Natürlichsprachliche Begriffe – in diesem Fall das Wort Haufen – bestimmten mathematischen Methoden und Forderungen auszusetzen, produziert fast zwangsläufig falsche Ergebnisse und Scheinprobleme. Umgangssprachliche Begriffe haben einen sehr weiten Bedeutungsumfang und müssen für ihre Verwendung in formalen Systemen, wie sie für Mathematik und Logik typisch sind, in ihrer Bedeutung stark eingeschränkt oder neu definiert werden. Eine notwendige, ideale Definition lässt sich naturwissenschaftlich kaum begründen, sondern bleibt der Nützlichkeit im gewünschten System geschuldet.

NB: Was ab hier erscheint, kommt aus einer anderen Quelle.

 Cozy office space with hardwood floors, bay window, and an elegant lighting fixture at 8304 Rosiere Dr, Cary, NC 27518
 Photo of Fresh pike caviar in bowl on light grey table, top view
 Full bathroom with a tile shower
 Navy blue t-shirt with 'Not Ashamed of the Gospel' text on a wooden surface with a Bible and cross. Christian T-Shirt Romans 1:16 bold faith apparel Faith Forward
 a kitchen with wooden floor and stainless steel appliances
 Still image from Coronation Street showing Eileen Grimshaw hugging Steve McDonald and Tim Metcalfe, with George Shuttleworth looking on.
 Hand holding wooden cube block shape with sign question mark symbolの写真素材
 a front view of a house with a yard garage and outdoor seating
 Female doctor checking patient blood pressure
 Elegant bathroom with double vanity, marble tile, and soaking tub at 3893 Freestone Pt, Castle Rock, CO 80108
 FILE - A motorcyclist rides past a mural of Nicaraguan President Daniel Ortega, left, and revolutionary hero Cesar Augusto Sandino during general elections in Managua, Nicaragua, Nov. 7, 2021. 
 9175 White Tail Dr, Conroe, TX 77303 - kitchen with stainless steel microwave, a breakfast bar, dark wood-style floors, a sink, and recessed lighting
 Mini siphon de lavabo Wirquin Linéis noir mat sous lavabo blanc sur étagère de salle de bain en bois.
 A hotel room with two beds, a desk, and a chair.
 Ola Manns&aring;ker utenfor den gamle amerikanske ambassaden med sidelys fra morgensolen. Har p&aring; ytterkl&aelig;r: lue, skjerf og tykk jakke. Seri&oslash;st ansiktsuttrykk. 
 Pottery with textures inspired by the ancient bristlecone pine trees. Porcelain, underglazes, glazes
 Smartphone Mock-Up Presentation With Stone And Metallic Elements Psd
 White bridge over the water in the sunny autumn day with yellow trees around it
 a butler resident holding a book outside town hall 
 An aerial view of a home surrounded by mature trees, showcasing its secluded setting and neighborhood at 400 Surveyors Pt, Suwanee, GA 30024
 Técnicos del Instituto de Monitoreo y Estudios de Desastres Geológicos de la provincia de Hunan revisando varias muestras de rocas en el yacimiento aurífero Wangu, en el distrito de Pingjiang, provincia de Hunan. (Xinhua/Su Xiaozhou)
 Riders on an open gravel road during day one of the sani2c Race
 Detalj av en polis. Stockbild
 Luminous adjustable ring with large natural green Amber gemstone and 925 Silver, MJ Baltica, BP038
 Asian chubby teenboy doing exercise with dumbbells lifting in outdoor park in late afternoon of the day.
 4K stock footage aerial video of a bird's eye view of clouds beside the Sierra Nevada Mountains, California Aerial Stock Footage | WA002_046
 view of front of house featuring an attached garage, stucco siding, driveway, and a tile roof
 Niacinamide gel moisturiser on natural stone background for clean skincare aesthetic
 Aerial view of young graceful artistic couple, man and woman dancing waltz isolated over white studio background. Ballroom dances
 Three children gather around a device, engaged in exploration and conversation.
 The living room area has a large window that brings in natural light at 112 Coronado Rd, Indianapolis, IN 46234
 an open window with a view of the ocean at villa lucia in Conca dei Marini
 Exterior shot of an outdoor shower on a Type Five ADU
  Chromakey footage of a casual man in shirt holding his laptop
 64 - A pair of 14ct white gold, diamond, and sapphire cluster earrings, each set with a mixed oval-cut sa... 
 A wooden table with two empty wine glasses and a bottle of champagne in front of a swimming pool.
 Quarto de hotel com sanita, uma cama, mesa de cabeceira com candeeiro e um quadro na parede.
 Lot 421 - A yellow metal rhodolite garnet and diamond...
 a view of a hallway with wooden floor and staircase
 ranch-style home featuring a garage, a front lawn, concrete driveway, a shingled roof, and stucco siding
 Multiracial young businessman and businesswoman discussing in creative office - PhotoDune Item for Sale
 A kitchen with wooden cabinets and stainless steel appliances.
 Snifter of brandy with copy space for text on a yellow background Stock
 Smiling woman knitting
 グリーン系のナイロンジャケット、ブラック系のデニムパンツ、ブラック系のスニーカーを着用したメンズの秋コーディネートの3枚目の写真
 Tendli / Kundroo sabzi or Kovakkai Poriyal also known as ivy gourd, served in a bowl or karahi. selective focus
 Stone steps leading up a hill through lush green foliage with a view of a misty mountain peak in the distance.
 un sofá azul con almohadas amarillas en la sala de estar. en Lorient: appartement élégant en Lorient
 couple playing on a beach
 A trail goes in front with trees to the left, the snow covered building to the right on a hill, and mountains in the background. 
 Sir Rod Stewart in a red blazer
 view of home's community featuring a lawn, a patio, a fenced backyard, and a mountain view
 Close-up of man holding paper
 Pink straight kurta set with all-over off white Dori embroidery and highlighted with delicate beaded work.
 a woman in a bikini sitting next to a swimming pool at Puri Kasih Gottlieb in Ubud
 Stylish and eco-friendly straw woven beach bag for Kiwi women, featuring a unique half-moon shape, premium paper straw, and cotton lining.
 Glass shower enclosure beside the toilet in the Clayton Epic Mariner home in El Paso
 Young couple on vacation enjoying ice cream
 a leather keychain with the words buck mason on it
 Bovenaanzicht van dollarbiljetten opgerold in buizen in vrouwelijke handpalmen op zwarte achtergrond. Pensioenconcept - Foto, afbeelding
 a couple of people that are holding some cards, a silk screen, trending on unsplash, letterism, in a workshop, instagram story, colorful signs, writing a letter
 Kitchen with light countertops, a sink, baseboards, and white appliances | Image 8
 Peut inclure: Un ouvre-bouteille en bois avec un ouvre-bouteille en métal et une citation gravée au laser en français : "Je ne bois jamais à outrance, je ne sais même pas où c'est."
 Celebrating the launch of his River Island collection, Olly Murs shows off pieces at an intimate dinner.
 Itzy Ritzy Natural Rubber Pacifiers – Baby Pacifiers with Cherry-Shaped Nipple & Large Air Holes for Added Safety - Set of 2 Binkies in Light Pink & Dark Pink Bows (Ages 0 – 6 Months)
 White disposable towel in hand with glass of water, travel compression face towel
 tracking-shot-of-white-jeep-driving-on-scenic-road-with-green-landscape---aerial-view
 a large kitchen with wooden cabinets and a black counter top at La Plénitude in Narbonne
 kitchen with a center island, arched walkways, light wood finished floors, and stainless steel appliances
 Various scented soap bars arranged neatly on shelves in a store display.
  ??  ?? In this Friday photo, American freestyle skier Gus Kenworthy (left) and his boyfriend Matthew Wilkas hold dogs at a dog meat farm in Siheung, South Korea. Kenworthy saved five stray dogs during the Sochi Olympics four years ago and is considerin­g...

Innerhalb eines formalen Systems besitzt ein "Begriff" auch nur eine formale Bedeutung. Nur der Mensch besitzt die Fähigkeit, einem formalen Gebilde eine weitere realweltliche, semantische Bedeutung zuzuerkennen. Dem formalen Symbol Haufen ordnet der Mensch unweigerlich eine realweltiche Bedeutung zu, die er in dem formalen System nicht besitzt. Hierin entsteht das Paradoxon. Tauschte man das Symbol Haufen durch Berg aus, das die gleiche formale Bedeutung trüge, ergäbe sich kein Paradoxon, sondern eine Menge von (realweltlich) nutzlosen Aussagen. Es darf nicht Vergessen werden, dass die o.g. Aussagen sich in einem rein formal-abstrakten System befinden und per se nichts mit der realen Welt zu tun haben.

In den vorangegangenen Ausführungen zum angeblichen Haufen-Paradoxon wird ohne weiteres vorausgesetzt, dass allein die Anzahl der Sandkörner darüber entscheidet, was ein Sandhaufen ist. Aber selbst 100 Sandkörner, wenn sie in einer Reihe nebeneinander liegen, bilden eben gar keinen Haufen, d. h., eine bestimmte geometrische Anordnung im Raum sowie die Anwesenheit der Gravitationskraft sind notwendig, um etwas herzustellen, was umgangssprachlich dem Begriff Haufen entspricht.

Hier wird der Versuch einer strukturellen Induktion, d.h. einer Induktion über die Struktur des Haufens unternommen. Dies ist nicht möglich, da die Struktur eines Haufens nicht definiert wurde. Somit kann auch keine gültige Aussage über einen Haufen gemacht werden.